Hammer curls work the biceps as well.  I think it might be working the long head? I am not realy sure on that long head thing though.  They definetly work the biceps though.  It will be less I think.


----------



## HardTrainer (May 7, 2005)

Its a good idea to "kink" your wrists down at the top of the hammer curl, this really flexes the forearm


----------



## Duncans Donuts (May 7, 2005)

Hammer curls work in conjunction without the biceps primary functions, stabilizing the shoulder and bringing the forearm toward the upper arm.  Or so is my understanding.


----------



## HardTrainer (May 7, 2005)

Duncans Donuts said:
			
		

> Hammer curls work in conjunction with the biceps secondary function, stabilizing the shoulder.  Or so is my understanding.


----------



## Duncans Donuts (May 7, 2005)

HardTrainer said:
			
		

>


----------



## BritChick (May 7, 2005)

Hammers targets the brachioradialis whereas a standard db curl targets the bicep brachii and brachialis.  I usually have to go about 5lbs lighter on hammers.


----------



## pumpthatiron (May 7, 2005)

i go 5 pounds heavier on hammers? my forearms are stronger than my biceps


----------



## min0 lee (May 7, 2005)

BritChick said:
			
		

> Hammers targets the brachioradialis whereas a standard db curl targets the bicep brachii and brachialis.  I usually have to go about 5lbs lighter on hammers.




Is this the  brachioradialis circled below?


----------



## Mudge (May 7, 2005)

How would they only work the forearms when you use your bicep to contract the arm?

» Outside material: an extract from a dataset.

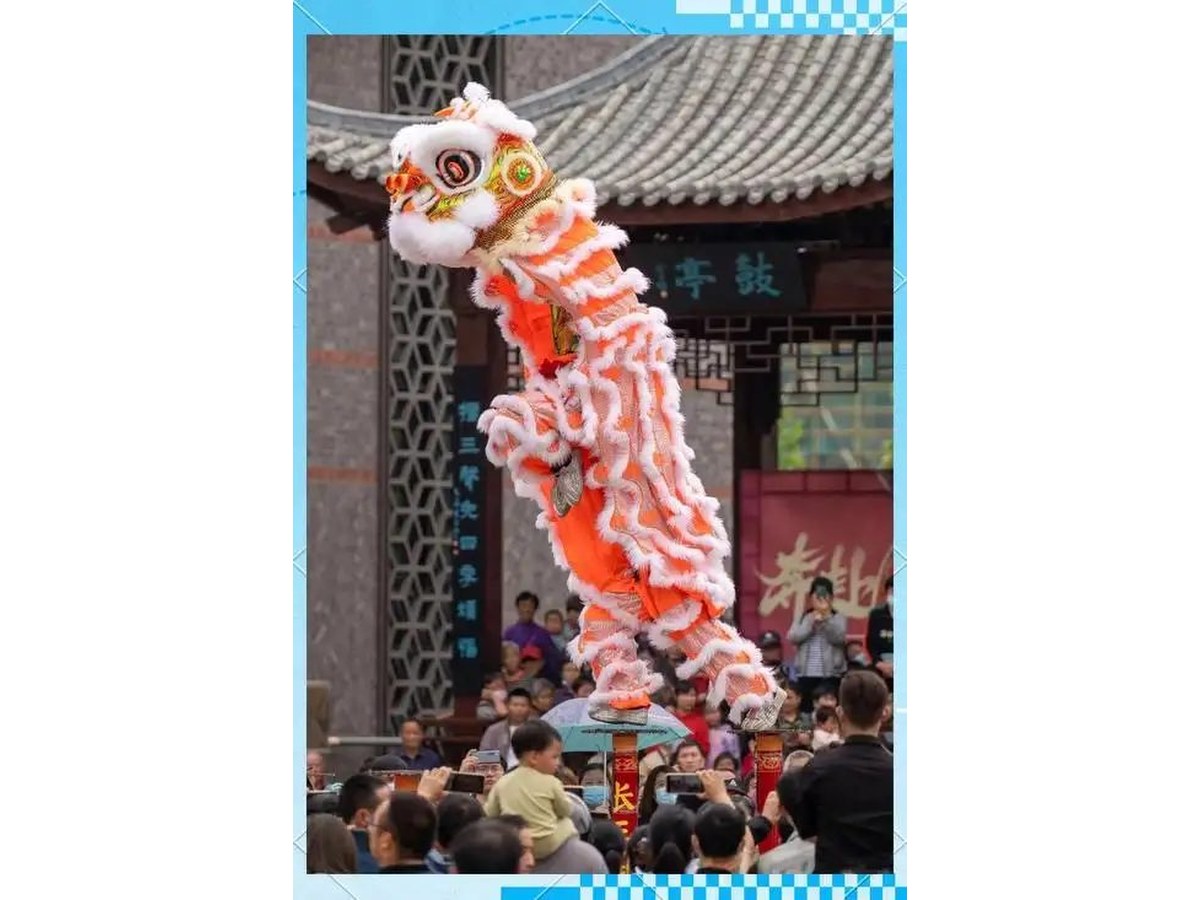 舞狮表演助兴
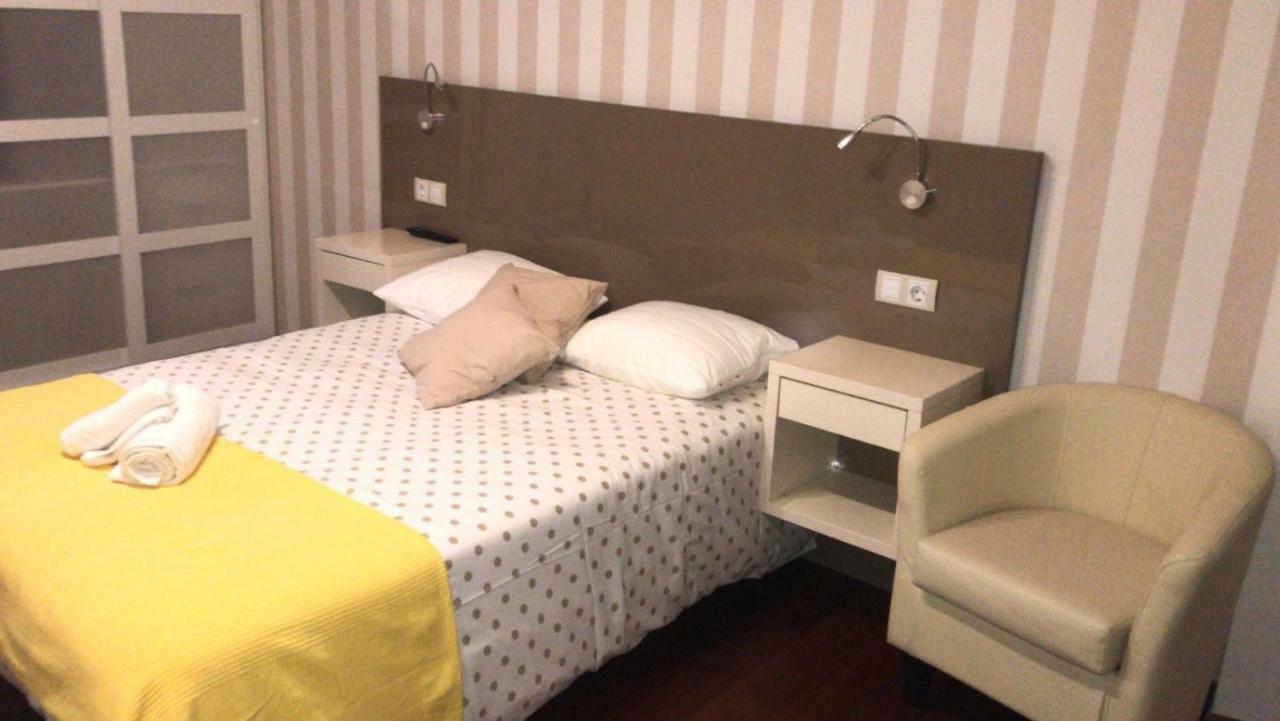 Residencia Compostela Bed & Breakfast ซานติอาโก เด กอมโปสเตลา ภายนอก รูปภาพ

Every muscle that gets used, gets worked to SOME degree. I dont consider it a forearm movement, that is much more indirect. You aren't moving your wrist, your wrist is stationary. Your bicep is doing the bulk of the work. I can hold a lot more weight than I can hammer curl.


----------



## Mudge (May 7, 2005)

min0 lee said:
			
		

> Is this the  brachioradialis circled below?



http://www.exrx.net/Muscles/Brachioradialis.html

http://www.exrx.net/WeightExercises/Brachioradialis/DBHammerCurl.html


----------



## shiznit2169 (May 8, 2005)

is standing hammer curls and seated hammer curls the same thing? Like does it work all part of your arm both ways? I like to do them seated but if standing is more beneficial, then i will switch.



> I can hold a lot more weight than I can hammer curl.



Same for me


----------



## Mudge (May 8, 2005)

Its the same movement but you should most likely do less seated. I dont use a lot of momentum but I do use some, I stand and I lean forward slightly.


----------



## kicka19 (May 8, 2005)

i love hammer curls, i dont know the name of the muscle but to my understanding it really builds up a muscle under the biceps, its a hard muscle to work but when it is excercised enough it will make you biceps have a higher peak


----------



## musclepump (May 8, 2005)

Hammers feel niiiccceee.


----------